The Powerful Woman

“Your husband is a brooder. And brooders brood.” – Bates (Downton Abbey)

powerFor years I have been working through what I believe about women and power (I call it processing, but really, like Bates, it’s brooding). Because there are two extremes in our culture, and I disagree with both. There is the world’s definition of female power, distorted by our enemy until somehow women choose to do things that are absolutely terrible for us to demonstrate we have the right, and then the church’s definition of female power, which in many places is no power at all, or worse, no voice (although certainly not everywhere). Both extremes make me very uncomfortable.

I’ve not always thought about women and power in a righteous way – in fact most often probably the opposite. The rebellious contrarian nature in me (that aged my parents like my rebellious contrarian child ages me) rises up when someone addresses this issue, and I struggle to understand and work through what I believe about rights, submission, surrender, and the power that is mine as a child of the King. I’ll search the Bible for answers, and feel my spirit lift and fall as I read things that encourage or confuse me when it comes to women and power. Paul, for example, writes some pretty strict limitations on women’s leadership, but shortly after praises a female apostle and writes greetings to several women leaders in the early church, and after that says there is no male and female in the Kingdom. It is confusing, and anyone who tells you it isn’t apparently possesses some secret Bible decoder ring that I’d love to borrow for a month or two or forever. And again I’m a contrarian, so I want to know the truth, but I won’t believe something just because you say it is true.

I’ve always been this way. As a child, in my Christian school, I submitted a science fair project on my attempt to determine the point where life begins, studying it both in the Bible and from a scientific viewpoint, trying to work through what I believed. And let me tell you – the entire project didn’t go over well in the school I attended, despite my genuinely pro-life viewpoint (I think I got a 72). Sometimes questions, even asked innocently, make people uncomfortable.

And that discomfort certainly exists when you start discussing women and power in today’s church. We all have a point of view, often shaped by our experiences. For years I served in churches where women on staff were the absolute minority and relegated to non-ministerial “director” roles. On one staff, I was the only woman on the executive staff (terrifying, right?), and I felt like I had to represent all women at a table full of men, all of the time. It exhausted me. So I left ministry, aside from serving beside my minister husband, because I couldn’t figure out how to be me in those environments.

But in the meantime, I kept being drawn to these women who were both powerful and righteous – and I loved watching them be all God had made them to be. I longed to see more of that from the Church that I love.

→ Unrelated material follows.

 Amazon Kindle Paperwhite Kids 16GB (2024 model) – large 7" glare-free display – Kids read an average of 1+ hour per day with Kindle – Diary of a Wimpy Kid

So this position comes up at Community of Faith for me to serve full-time on a church staff again.  Honestly, I’ve never cried or agonized over a decision more in my life. I actually said no several times. And then I visited here and saw that this church is defined by so many things that move my heart: mission, Prayer, restoring the broken, redeeming the lost. This place is real and simple and powerful. There is freedom here. Beauty. Vulnerability. God’s presence so thick you can feel it. Prayer like I’ve never experienced. I wanted to be here but I was not sold on my role on the staff until I met a woman who demonstrated quiet graceful strength. She is our Pastor’s wife – but we also call her our Pastor. She doesn’t claim that title or call herself that as if it were her right – but she started COF with her husband and her wisdom saturates this place and she completely fills that role in the right way, so that is what we call her, because we honor her. On the drive back to Dallas, after seeing the church and meeting the Shooks, Justin and I talked and wrestled and prayed and processed like our life was on the line – because it was. During that talk, I cried when I told him that meeting her, I finally saw myself here. I knew if I came on staff I would never have to represent all women, because they are very beautifully represented in the women on staff here already. But more than that, I felt like I had seen the right kind of power displayed and honored, and it felt like coming home.

(There are some who will shut down as you read the last paragraph, and I get it. I  hope my heart is coming across correctly, but I also know we all have entirely too much baggage when it comes to the issue of women and the church. We have seen abuses and been taught rules and boundaries quite forcefully, so I get the complexity and discomfort).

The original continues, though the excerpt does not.